Ideas are elusive, slippery things. Best to keep a pad of paper and a pencil at your bedside, so you can stab them during the night before they get away. -- Earl Nightingale
Oooh, and the book is back.
I wish I could figure out the moods that capture and sway this writing life. For most of May, my poor writing life was right down the drains, lost in the mists surrounding a thousand activities, a thousand emotions, everything urgent or dear. And when I'd have a spare moment, I'd squint at my characters and see strangers instead.
Not a pleasant feeling.
But somehow, the book is creeping up on me again.
I don't know what the trick was: what made the difference? The dogged and difficult Monday I spent all-but-shackled to my computer, clawing my way toward this story? The nights I spent staring at my ceiling wondering about what this next bit of drafting might hold?
Whatever it was, we are now back in full swing, and I feel the unfolding joy of work again. I am so cranky when the work isn't going well... you really don't want to be near me.

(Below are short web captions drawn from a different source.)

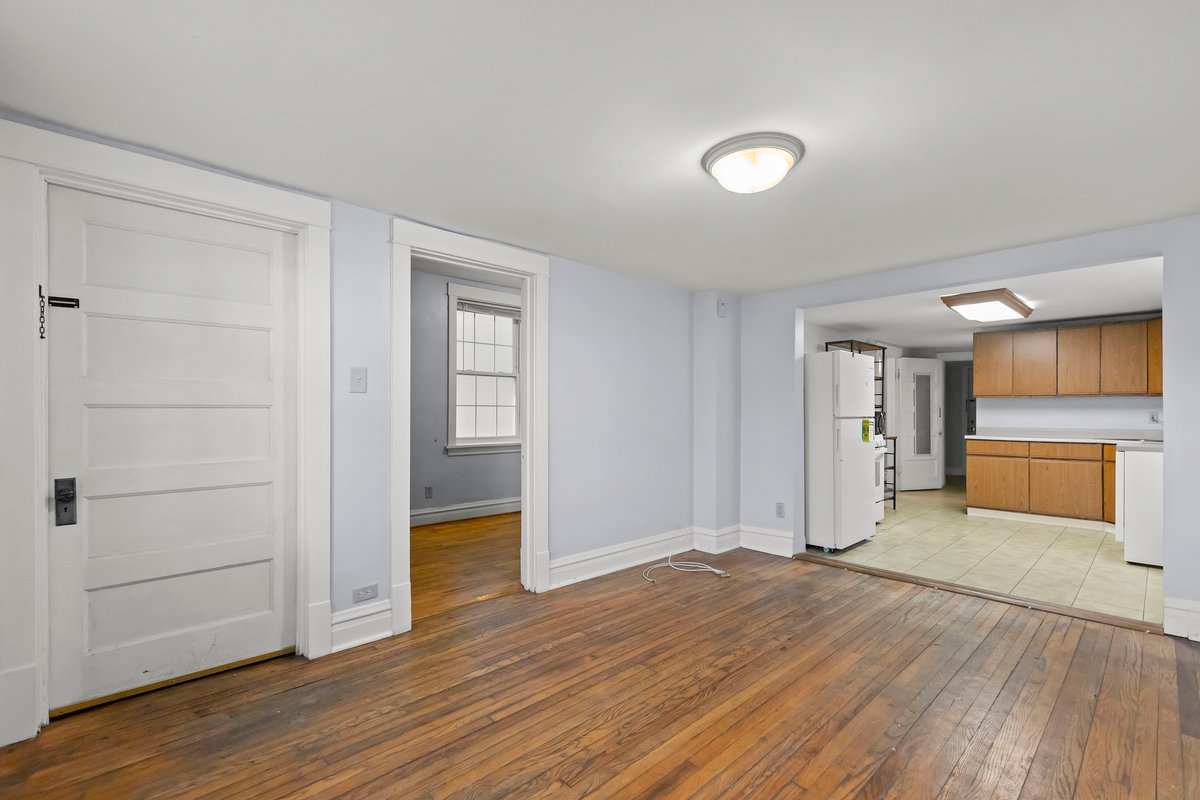 1541 W Barry Avenue Unit: G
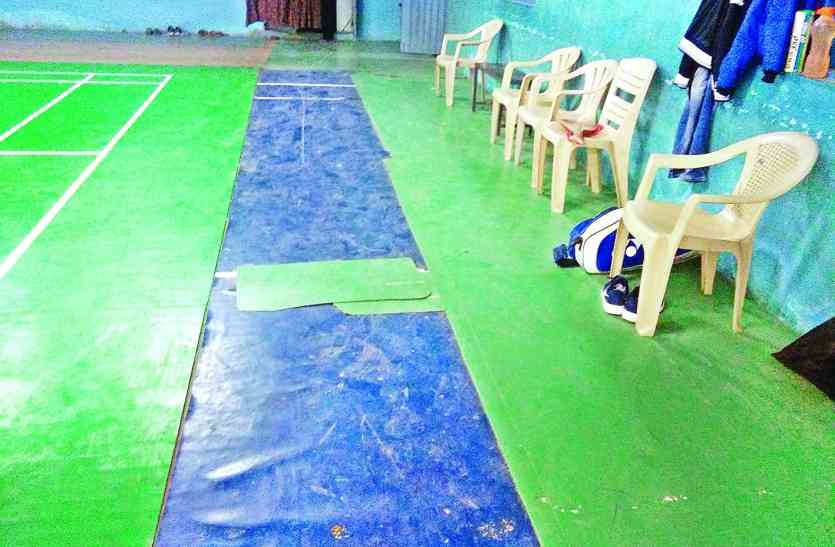 dhar दुर्दशा पर आंसू बहा रहा 80 लाख का हॉल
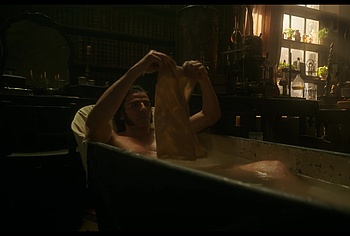 Oscar Isaac nude in Frankenstein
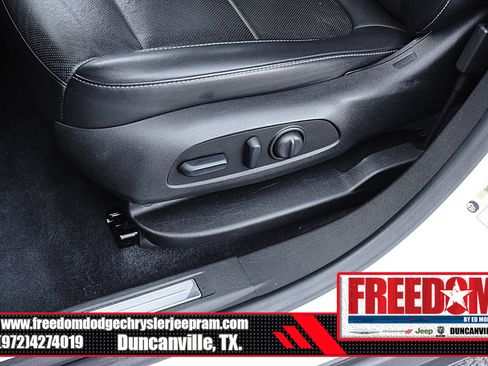 Used 2023 GMC Acadia SLT AWD/4WD image 38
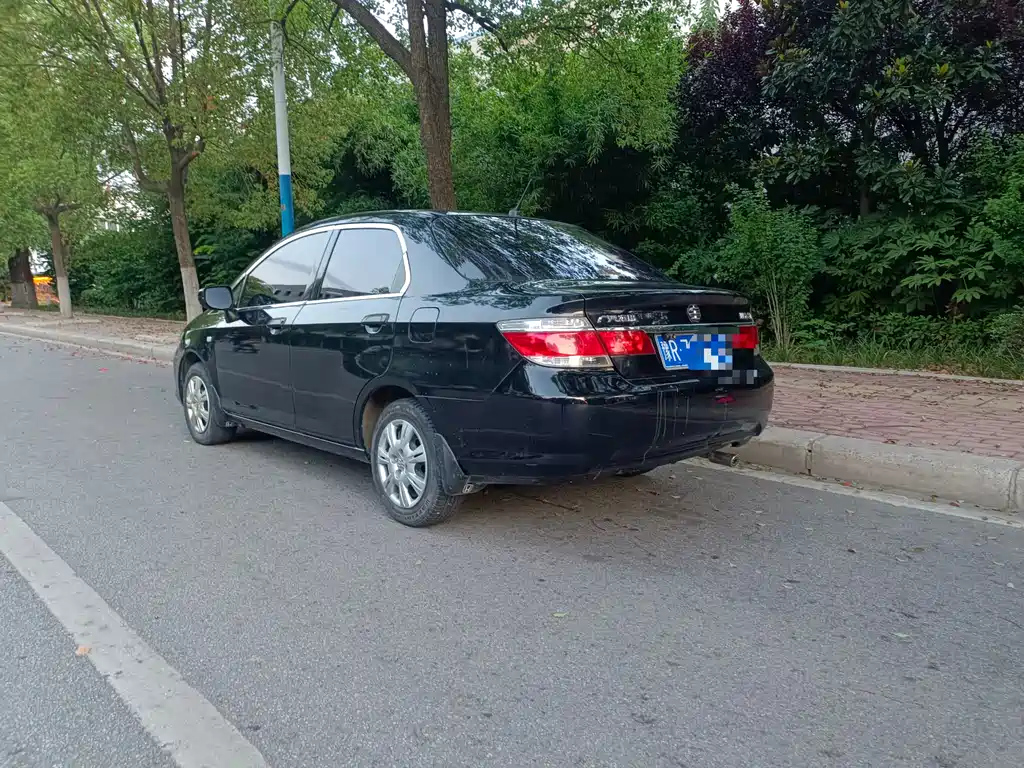 EVERUS S1 2011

Though, come to think of it, perhaps it's not easy to be around me when writing goes well, either? I zone out during conversations, because a character is tugging on my ear. I forget to do things.
And at night I crowd my bed with books to read, and fall asleep on pens... Once I woke up certain I'd broken a rib somehow... nope. Just a ballpoint pen digging into me through the night. And that's if I fall asleep...
When work is good, I'm thinking about the book instead of trying to sleep. I keep snatching at the scraps of paper I have beside the bed, scribbling in the dark. Those are a joy to decipher the next morning--what was I writing in, Sanskrit? One of these days, I'll scrawl some fantastic line on my sheets and never be able to read it again...
But that's me these mornings, stumbling out to breakfast dazed, inkstained, and full of words.